OpenCitations, an infrastructure organization for open scholarship

Authors : Silvio Peroni, David Shotton

OpenCitations is an infrastructure organization for open scholarship dedicated to the publication of open citation data as Linked Open Data using Semantic Web technologies, thereby providing a disruptive alternative to traditional proprietary citation indexes.

Open citation data are valuable for bibliometric analysis, increasing the reproducibility of large-scale analyses by enabling publication of the source data. Following brief introductions to the development and benefits of open scholarship and to Semantic Web technologies, this paper describes OpenCitations and its data sets, tools, services, and activities.

These include the OpenCitations Data Model; the SPAR (Semantic Publishing and Referencing) Ontologies; OpenCitations’ open software of generic applicability for searching, browsing, and providing REST APIs over resource description framework (RDF) triplestores; Open Citation Identifiers (OCIs) and the OpenCitations OCI Resolution Service; the OpenCitations Corpus (OCC), a database of open downloadable bibliographic and citation data made available in RDF under a Creative Commons public domain dedication; and the OpenCitations Indexes of open citation data, of which the first and largest is COCI, the OpenCitations Index of Crossref Open DOI-to-DOI Citations, which currently contains over 624 million bibliographic citations and is receiving considerable usage by the scholarly community.

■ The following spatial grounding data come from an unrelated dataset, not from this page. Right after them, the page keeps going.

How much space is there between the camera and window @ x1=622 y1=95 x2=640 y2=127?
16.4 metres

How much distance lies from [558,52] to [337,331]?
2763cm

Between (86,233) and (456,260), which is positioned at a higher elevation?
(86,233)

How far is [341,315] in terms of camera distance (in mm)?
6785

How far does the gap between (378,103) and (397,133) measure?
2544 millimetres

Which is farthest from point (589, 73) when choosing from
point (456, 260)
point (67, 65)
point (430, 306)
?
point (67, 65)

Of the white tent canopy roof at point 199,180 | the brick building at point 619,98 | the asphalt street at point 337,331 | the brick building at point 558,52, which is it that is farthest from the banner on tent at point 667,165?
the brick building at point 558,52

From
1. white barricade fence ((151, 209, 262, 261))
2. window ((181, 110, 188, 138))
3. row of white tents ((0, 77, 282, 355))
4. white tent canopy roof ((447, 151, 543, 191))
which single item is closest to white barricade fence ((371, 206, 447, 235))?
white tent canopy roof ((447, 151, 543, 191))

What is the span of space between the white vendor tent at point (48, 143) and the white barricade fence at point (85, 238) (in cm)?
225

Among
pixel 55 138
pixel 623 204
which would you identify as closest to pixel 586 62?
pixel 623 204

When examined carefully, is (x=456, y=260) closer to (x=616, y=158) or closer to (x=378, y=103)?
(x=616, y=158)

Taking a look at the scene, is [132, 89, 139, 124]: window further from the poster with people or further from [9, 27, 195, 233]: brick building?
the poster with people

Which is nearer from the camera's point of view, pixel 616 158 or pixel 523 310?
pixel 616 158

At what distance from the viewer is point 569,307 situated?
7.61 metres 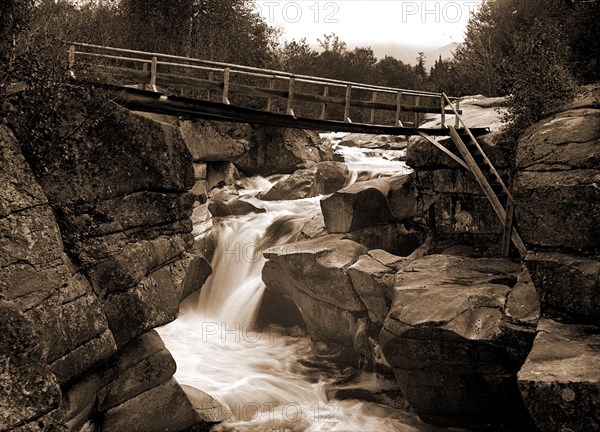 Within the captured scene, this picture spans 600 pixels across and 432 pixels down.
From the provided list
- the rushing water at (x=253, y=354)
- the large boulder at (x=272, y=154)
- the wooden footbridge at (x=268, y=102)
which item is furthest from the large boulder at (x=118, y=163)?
the large boulder at (x=272, y=154)

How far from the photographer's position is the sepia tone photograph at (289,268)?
891 cm

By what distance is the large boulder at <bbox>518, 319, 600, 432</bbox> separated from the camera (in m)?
8.09

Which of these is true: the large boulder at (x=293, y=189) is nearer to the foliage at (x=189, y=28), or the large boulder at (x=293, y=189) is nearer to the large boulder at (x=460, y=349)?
the foliage at (x=189, y=28)

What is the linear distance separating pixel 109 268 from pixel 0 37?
15.2 feet

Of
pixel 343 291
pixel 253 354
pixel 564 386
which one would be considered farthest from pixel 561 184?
pixel 253 354

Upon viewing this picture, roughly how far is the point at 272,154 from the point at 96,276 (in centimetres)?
2121

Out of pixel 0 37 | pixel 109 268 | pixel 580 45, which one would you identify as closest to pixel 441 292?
pixel 109 268

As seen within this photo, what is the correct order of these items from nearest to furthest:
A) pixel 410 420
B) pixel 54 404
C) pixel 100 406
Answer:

URL : OpenCitations, an infrastructure organization for open scholarship

DOI : https://doi.org/10.1162/qss_a_00023

The NIH Open Citation Collection: A public access, broad coverage resource

Authors : B. Ian Hutchins, Kirk L. Baker, Matthew T. Davis, Mario A. Diwersy, Ehsanul Haque, Robert M. Harriman, Travis A. Hoppe, Stephen A. Leicht, Payam Meyer, George M. Santangelo

Citation data have remained hidden behind proprietary, restrictive licensing agreements, which raises barriers to entry for analysts wishing to use the data, increases the expense of performing large-scale analyses, and reduces the robustness and reproducibility of the conclusions.

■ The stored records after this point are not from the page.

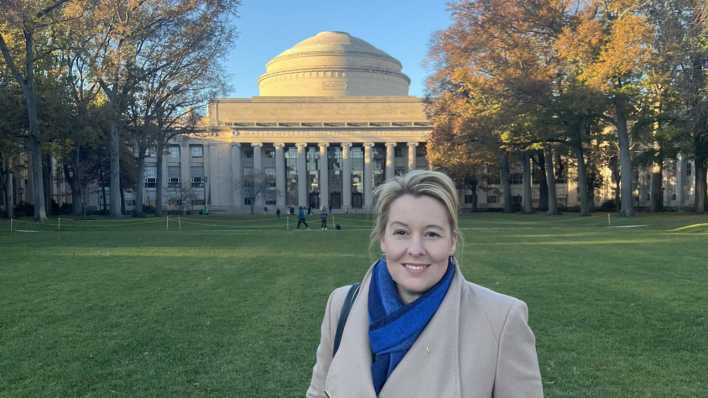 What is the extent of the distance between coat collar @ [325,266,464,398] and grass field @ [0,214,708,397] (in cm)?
322

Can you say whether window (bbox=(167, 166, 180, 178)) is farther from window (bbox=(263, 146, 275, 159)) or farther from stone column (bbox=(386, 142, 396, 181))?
stone column (bbox=(386, 142, 396, 181))

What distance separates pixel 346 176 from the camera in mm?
85875

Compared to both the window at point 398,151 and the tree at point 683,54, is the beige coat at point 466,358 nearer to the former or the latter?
the tree at point 683,54

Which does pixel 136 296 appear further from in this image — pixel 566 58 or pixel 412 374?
pixel 566 58

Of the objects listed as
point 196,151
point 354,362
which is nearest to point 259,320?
point 354,362

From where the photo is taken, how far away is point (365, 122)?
279 ft

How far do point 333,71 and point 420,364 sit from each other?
9697 centimetres

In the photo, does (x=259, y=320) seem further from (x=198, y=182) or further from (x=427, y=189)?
(x=198, y=182)

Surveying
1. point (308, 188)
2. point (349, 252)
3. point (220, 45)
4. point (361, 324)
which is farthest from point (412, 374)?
point (308, 188)

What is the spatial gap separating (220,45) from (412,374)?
39032 millimetres

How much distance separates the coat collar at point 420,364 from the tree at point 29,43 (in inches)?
987

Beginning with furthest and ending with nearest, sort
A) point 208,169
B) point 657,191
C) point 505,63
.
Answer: point 208,169, point 657,191, point 505,63

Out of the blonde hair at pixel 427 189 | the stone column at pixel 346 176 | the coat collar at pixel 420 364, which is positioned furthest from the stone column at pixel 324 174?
the coat collar at pixel 420 364

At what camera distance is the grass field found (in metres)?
5.45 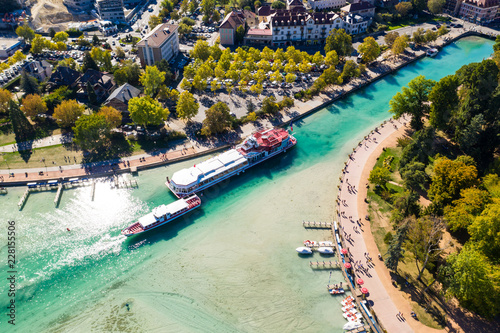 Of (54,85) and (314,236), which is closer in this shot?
(314,236)

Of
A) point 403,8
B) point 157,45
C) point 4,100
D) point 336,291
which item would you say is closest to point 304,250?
point 336,291

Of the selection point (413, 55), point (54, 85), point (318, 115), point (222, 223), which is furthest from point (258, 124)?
point (413, 55)

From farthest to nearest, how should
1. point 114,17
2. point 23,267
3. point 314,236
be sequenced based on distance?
point 114,17
point 314,236
point 23,267

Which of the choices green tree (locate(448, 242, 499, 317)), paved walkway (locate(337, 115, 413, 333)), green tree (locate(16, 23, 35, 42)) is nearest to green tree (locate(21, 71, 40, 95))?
green tree (locate(16, 23, 35, 42))

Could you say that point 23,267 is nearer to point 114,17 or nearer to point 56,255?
point 56,255

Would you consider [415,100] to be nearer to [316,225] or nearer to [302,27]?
[316,225]

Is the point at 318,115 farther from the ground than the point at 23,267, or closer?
farther from the ground

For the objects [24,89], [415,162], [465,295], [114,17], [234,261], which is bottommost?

For the past several years, the National Institutes of Health (NIH) Office of Portfolio Analysis (OPA) has been aggregating and enhancing citation data that can be shared publicly. Here, we describe the NIH Open Citation Collection (NIH-OCC), a public access database for biomedical research that is made freely available to the community.

This dataset, which has been carefully generated from unrestricted data sources such as MedLine, PubMed Central (PMC), and CrossRef, now underlies the citation statistics delivered in the NIH iCite analytic platform.

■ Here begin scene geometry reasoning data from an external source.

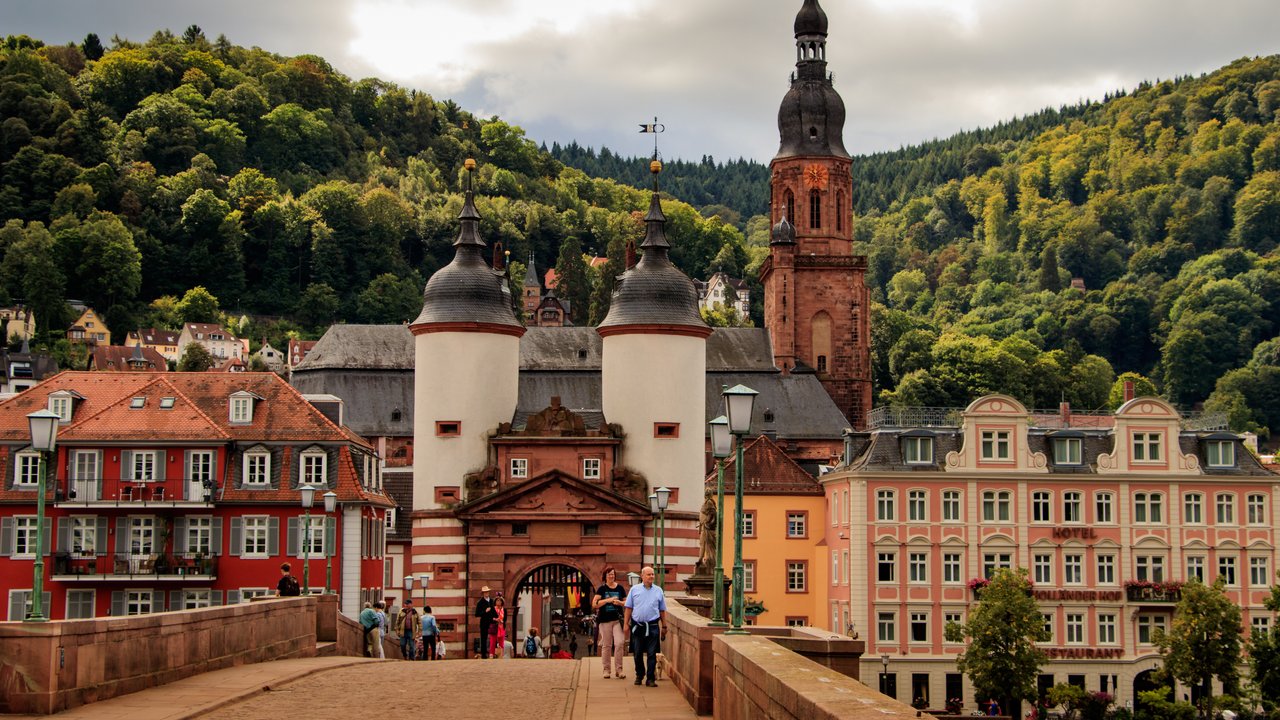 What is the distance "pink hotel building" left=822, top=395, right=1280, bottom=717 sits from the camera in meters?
78.4

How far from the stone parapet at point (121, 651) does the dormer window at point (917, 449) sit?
151 ft

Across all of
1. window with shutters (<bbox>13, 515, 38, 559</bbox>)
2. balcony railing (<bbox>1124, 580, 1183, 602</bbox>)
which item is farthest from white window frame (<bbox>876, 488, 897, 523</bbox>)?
window with shutters (<bbox>13, 515, 38, 559</bbox>)

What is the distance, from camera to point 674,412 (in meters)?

We have also included data from a machine learning pipeline that identifies, extracts, resolves, and disambiguates references from full-text articles available on the internet. Open citation links are available to the public in a major update of iCite (https://icite.od.nih.gov).

URL : The NIH Open Citation Collection: A public access, broad coverage resource

DOI : https://doi.org/10.1371/journal.pbio.3000385

 

COCI, the OpenCitations Index of Crossref open DOI-to-DOI citations

Authors : Ivan Heibi, Silvio Peroni, David Shotton

In this paper, we present COCI, the OpenCitations Index of Crossref open DOI-to-DOI citations (this http URL). COCI is the first open citation index created by OpenCitations, in which we have applied the concept of citations as first-class data entities, and it contains more than 445 million DOI-to-DOI citation links derived from the data available in Crossref.

These citations are described in RDF by means of the newly extended version of the OpenCitations Data Model (OCDM).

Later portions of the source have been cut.